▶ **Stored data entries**
- - - - - - -

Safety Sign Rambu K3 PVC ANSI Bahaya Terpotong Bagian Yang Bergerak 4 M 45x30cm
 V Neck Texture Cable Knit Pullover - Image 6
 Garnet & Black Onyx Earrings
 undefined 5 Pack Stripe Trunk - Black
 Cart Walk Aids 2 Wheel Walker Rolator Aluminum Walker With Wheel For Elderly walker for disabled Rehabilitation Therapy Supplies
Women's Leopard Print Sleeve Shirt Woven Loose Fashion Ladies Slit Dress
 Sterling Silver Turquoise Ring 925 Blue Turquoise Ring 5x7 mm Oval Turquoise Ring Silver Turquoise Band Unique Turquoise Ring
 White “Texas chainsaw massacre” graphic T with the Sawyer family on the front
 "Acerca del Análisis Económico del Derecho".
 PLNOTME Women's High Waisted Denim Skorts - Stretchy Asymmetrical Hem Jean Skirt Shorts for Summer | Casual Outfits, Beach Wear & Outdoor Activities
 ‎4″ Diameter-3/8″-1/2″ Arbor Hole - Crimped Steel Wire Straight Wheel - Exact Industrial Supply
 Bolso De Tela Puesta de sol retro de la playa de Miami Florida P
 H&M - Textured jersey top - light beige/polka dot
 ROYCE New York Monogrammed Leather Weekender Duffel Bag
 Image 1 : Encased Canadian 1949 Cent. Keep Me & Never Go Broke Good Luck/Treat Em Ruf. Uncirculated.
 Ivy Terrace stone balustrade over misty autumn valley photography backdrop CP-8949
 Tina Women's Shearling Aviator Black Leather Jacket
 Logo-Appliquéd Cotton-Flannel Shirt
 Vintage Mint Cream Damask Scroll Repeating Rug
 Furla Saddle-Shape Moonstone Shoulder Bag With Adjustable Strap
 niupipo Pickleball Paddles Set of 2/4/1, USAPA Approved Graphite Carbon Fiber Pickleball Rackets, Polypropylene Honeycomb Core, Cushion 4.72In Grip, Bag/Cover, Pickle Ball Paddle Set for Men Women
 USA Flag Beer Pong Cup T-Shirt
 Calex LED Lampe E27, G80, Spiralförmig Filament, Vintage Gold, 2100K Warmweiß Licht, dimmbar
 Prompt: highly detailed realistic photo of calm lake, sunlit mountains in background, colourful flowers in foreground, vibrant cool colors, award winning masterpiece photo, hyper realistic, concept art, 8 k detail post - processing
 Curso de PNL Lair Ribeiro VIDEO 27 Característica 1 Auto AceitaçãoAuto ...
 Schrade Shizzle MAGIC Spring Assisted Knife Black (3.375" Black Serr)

- - - - - - -

▶ **TASK OBJECTIVE**
Please output exactly the lines from the one containing "Tina Women's Shearling" through the end of the records, both included.

▶ **ANSWER BOX**
 Tina Women's Shearling Aviator Black Leather Jacket
 Logo-Appliquéd Cotton-Flannel Shirt
 Vintage Mint Cream Damask Scroll Repeating Rug
 Furla Saddle-Shape Moonstone Shoulder Bag With Adjustable Strap
 niupipo Pickleball Paddles Set of 2/4/1, USAPA Approved Graphite Carbon Fiber Pickleball Rackets, Polypropylene Honeycomb Core, Cushion 4.72In Grip, Bag/Cover, Pickle Ball Paddle Set for Men Women
 USA Flag Beer Pong Cup T-Shirt
 Calex LED Lampe E27, G80, Spiralförmig Filament, Vintage Gold, 2100K Warmweiß Licht, dimmbar
 Prompt: highly detailed realistic photo of calm lake, sunlit mountains in background, colourful flowers in foreground, vibrant cool colors, award winning masterpiece photo, hyper realistic, concept art, 8 k detail post - processing
 Curso de PNL Lair Ribeiro VIDEO 27 Característica 1 Auto AceitaçãoAuto ...
 Schrade Shizzle MAGIC Spring Assisted Knife Black (3.375" Black Serr)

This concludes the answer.